Congress must act to lower costs and keep community pharmacies in local neighborhoods

(NCPA, October 13, 2019 by B. Douglas Hoey, NCPA)

Ask almost any senior citizen about their finances and they’ll tell you one of the greatest challenges is the high price they pay for medicine. Unfortunately, an opportunity to rein in prescription drug costs just passed the administration by and now Congress needs to act.
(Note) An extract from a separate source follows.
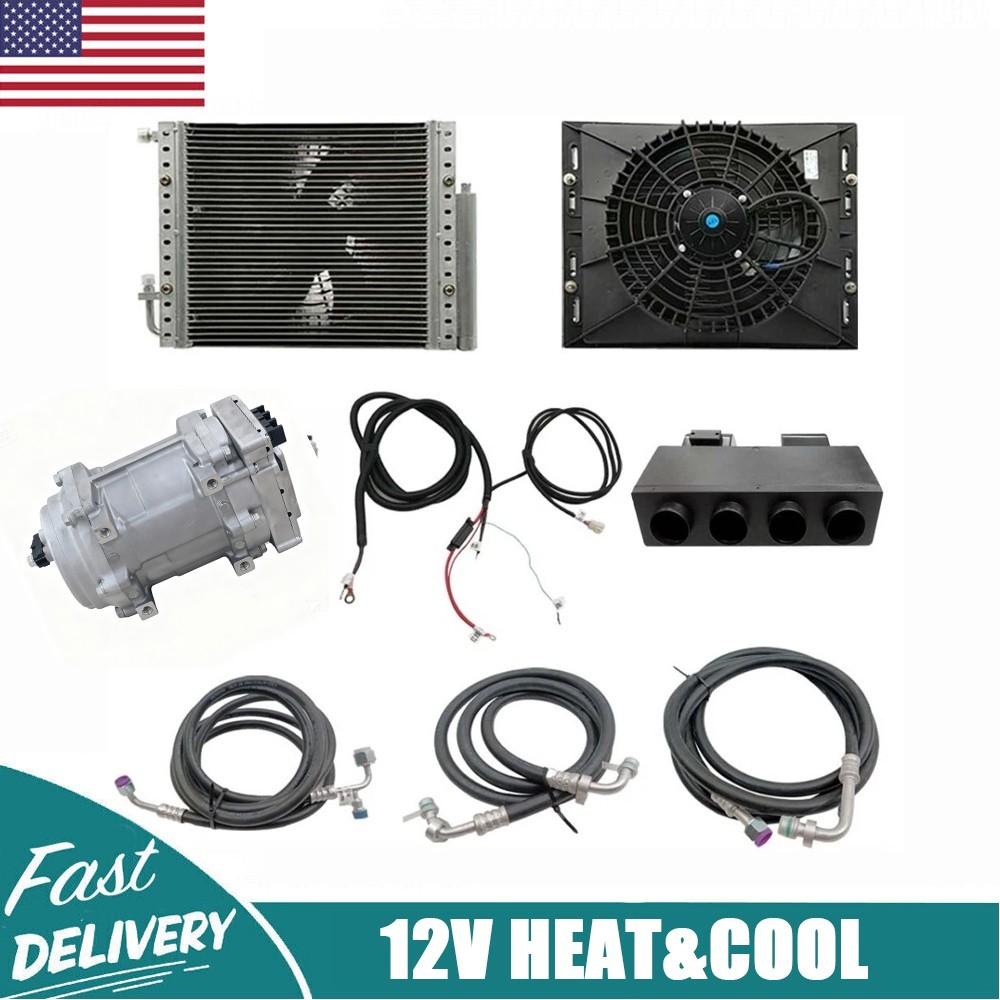 Underdash Heat&Cool 12V Air Conditioner Universal Electric AC Unit for Car Van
There was great hope that the Centers for Medicare and Medicaid Services (CMS) might fix a loophole that allows a few large, powerful companies to increase seniors’ out-of-pocket costs at the pharmacy counter. Unfortunately, CMS failed to act and now we can only hope our elected leaders will intervene.

The loophole involves what are known as direct and indirect remuneration fees (DIR), industry jargon for your insurance company charging you an inflated price for prescription drugs and taking money back from what it told the pharmacy it would pay.

These adjustments are usually made by companies that are suppose to manage drug costs called pharmacy benefit managers (PBMs). For years, these shadowy middlemen that administer Medicare prescription drug benefits have been lowering the amount they reimburse a pharmacy or a prescription long after the prescription was filled. This practice has left beneficiaries paying more than they should for medicine — at least $200 in overcharges per senior per year, on average.

As an example, imagine a senior needs a heart medication priced at $100 at the local pharmacy. Their Medicare Part D plan requires they pay 25 percent out of pocket, as the senior forks over $25. The pharmacy expects to be reimbursed the other $75 through the PBM.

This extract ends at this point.